It is estimated that 646 people were inside the building when the bomb exploded.

By the end of the day of the bombing, twenty were confirmed dead, including six children, and over one hundred injured. The toll eventually reached 168 confirmed dead, not including an unmatched leg that could have belonged to a possible, unidentified 169th victim.

Most of the deaths resulted from the collapse of the building, rather than the bomb blast. Those killed included 163 who were in the Alfred P. Murrah Federal Building, one person in the Athenian Building, one woman in a parking lot across the street, a man and woman in the Oklahoma Water Resources building, and a rescue worker struck on the head by debris.

The victims ranged in age from three months to seventy-three, not including the fetuses of three pregnant women. Of the dead, 99 worked for the federal government. Nineteen of the victims were children, fifteen of whom were in the America's Kids Day Care Center.



In January of 2008 I was in Oklahoma City and I did have some spare time, so I went to the memorial site. Until then the Oklahoma City bombing to me had been something I had heard about in the news (even in Germany!) but I had no personal ties to it. Thankfully none of my family members or friends were in the building when the bomb blew half of it away.

But walking through the memorial site really got to me as well. There were these two gates one saying 9:01, the other one 9:03 - the time right before the bombing when the world was still the way it was supposed to be and the time right after the bombing when everything had dramatically changed.



And then there is the field of empty chairs. Right were the Murrah building was standing there are 168 empty chairs right now, one for each of the victims. Each of the chairs has a name on it, 3 of them carry 2 names - it's the ones for the pregnant women. And some of the chairs are smaller than the others - the empty seats of the children who died.

A ranger told me that I could walk through this field. And even though I did not know any of the victims, I was standing in there crying....

After this I went inside the museum where lots of things from the bombing are collected, one can listen to tape recordings and you see shattered telephones, toys and other personal belongings. And although I really wanted to look at everything, I had to leave the museum really quickly - it was just too much for me to take.

I met people who really lost friends and relatives in the bombing while visiting the museum. If all of this got this much to me already, how bad must it be for these people?

Normally in this blog here we talk about the death penalty, about what the death penalty does to the society, to the victim's family members, to the offender's family members, about fairness .... and yes, Timothy McVeigh was sentenced to death and yes, to some of the victim's family members this was really important but on the other hand, there were also family members who did not agree to this sentence. But today, I don't even want to talk about this as I believe that this day should be dedicated to the people who died in the attack.

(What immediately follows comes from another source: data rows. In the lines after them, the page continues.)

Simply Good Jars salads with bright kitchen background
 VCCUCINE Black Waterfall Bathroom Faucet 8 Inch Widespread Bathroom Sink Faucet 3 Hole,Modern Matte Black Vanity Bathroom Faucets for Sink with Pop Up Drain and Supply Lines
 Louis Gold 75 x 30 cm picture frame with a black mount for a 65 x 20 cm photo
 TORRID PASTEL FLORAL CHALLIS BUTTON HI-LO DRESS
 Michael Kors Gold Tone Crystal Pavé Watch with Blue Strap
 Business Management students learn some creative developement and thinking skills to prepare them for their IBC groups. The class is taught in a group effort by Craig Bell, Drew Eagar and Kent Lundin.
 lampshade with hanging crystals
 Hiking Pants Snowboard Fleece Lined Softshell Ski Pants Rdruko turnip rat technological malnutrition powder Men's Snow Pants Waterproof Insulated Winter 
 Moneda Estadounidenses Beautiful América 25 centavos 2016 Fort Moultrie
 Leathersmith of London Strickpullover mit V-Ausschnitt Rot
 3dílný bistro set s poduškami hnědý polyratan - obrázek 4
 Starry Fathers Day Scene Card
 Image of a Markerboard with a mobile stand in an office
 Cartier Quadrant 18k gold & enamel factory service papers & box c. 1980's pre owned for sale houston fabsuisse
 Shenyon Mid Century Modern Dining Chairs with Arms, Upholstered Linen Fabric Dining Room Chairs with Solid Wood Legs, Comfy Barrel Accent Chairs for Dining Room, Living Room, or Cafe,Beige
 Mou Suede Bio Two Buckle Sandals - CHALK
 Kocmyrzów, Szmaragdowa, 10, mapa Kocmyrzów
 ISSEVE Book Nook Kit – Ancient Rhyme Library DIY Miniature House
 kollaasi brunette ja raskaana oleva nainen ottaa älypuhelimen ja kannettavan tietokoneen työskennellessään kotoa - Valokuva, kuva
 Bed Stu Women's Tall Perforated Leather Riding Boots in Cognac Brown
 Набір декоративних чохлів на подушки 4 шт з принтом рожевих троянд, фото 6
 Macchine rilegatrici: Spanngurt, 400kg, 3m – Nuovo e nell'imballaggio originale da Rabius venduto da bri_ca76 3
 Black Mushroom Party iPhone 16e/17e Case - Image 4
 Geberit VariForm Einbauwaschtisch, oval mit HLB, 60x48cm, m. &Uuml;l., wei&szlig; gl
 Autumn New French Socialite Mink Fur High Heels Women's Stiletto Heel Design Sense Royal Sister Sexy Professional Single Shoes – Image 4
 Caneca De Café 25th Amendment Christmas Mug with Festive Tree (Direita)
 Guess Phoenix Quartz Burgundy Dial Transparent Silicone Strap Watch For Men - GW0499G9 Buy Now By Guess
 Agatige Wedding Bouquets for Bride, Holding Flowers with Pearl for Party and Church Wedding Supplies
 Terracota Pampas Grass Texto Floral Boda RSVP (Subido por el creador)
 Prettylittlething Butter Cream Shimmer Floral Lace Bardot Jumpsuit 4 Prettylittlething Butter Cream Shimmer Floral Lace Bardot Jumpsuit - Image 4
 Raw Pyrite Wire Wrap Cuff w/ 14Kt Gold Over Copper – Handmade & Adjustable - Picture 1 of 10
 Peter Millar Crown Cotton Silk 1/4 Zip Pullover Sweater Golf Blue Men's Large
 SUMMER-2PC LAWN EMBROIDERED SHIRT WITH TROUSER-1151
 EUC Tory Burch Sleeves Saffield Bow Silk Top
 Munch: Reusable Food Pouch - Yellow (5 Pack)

So I would like to ask all of you to dedicate a few minutes of your time to remembering the victims of this awful attack, to sit down, light a candle and think of them and to pray together with me for the families of the victims with the empty chairs they have to face on a daily basis and for their friends.

And please, while praying, don't forget the families of the attackers - they,too, got to live with what happened back then and they, too, got an empty chair of a loved one in their midst.

So please, dedicate this day to all the empty chairs the bombing caused. Thank you!

3 comments:

  1. Thank You for noting this crucial event and remembering the victims and their loved ones, Susanne!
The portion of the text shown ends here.